I've used this recipe before and really liked it a lot as well. I didn't use Nestle white chocolate though..I used another brand- that is the only substitution I made.

Nadiaa Posted 28 Aug 2013 , 5:45am
post #3 of

Yes, I didn't use Nestle either icon_smile.gif

Claire138 Posted 28 Aug 2013 , 9:35am
post #4 of

Naadia - I couldn't resist and it's in the oven as I write, the house is smelling divine. I will keep you updated when it's done.

Thanks!

cazza1 Posted 28 Aug 2013 , 9:43am
post #5 of

Thanks Nadiaa.  You can never have too many mud cake recipes.

cakefat Posted 28 Aug 2013 , 10:05am
post #6 of
Quote:
Originally Posted by cazza1 

 You can never have too many mud cake recipes.

 

So True! Mud cakes have become one of my favorite types of cakes around. 

didavista Posted 28 Aug 2013 , 10:33am
post #7 of

Athanks for posting...I have to ask though what is golden syrup?

Claire138 Posted 28 Aug 2013 , 11:11am
post #8 of

Once again thanks, the cake is out the oven and cooled down and absolutely delicious!

cakefat Posted 28 Aug 2013 , 11:17am
post #9 of
Quote:
Originally Posted by didavista 

thanks for posting...I have to ask though what is golden syrup?

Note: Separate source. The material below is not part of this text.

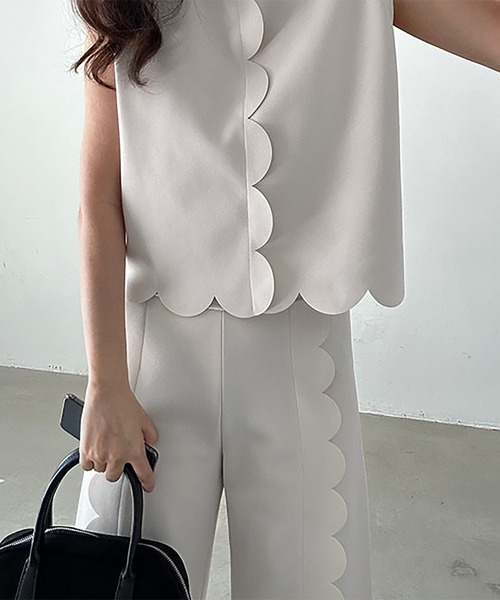 Girly Doll（ガーリードール） セットアップ スカラップデザイン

 It's an Australian product- it's syrup that literally is golden in color. I'm not sure if you can get it in the US...maybe at a specialty store?

 

edit' I guess you can get it in the UK too.

Dayti Posted 28 Aug 2013 , 11:17am

Thanks Nadiaa, I have added this to my list of stuff to try. I regularly make white chocolate mud cakes and cupcakes, but have yet to try a caramel one.

Quote:
Originally Posted by didavista 

thanks for posting...I have to ask though what is golden syrup?

Golden syrup is a British product made by Tate&Lyle. It is similar in consistency to corn syrup or glucose, but it is a golden colour. 

Goreti Posted 28 Aug 2013 , 12:03pm

Thanks Nadiaa for the information.  I had pinned this recipe and even bought the golden syrup but never made it.  Will definitely be making it soon.

fillylily Posted 28 Aug 2013 , 12:34pm

AThanks for posting the recipe Nadiaa. I have made chocolate mudcake before but never tried the caramel version. Sounds very delicious. Will definitely make it this week. Incidentally can you ice this with chocolate ganache?

Daisyblue002 Posted 28 Aug 2013 , 12:45pm

Thanks so much for sharing the recipe! Think I'll try this one on the weekend. I normally make a chocolate mud or white chocolate mud and this is perfect to change it up.

Nadiaa Posted 28 Aug 2013 , 12:47pm

AClaire, I'm so glad you love it!! Fillylily, yep, you can definitely ganache it.

It didn't even occur to me that some of you might not be familiar with golden syrup. Sorry! I'm glad it wa sorted out though.

mbranko24 Posted 28 Aug 2013 , 6:14pm

AFor those of us in the States you can buy golden syrup on Amazon and from King Arthur Flour.

What us vanilla essence? Is that extract?

Nadiaa Posted 29 Aug 2013 , 12:14am

Hi mbranko24 :) Yes, vanilla essence and vanilla extract are essentially the same thing. I think extract is a slightly better quality than essence, but you could even use a vanilla paste if that was your preference. All vanilla is good! 

Goreti Posted 29 Aug 2013 , 12:52am

One of the supermarkets in my area had golden syrup.  It was Stop & Shop.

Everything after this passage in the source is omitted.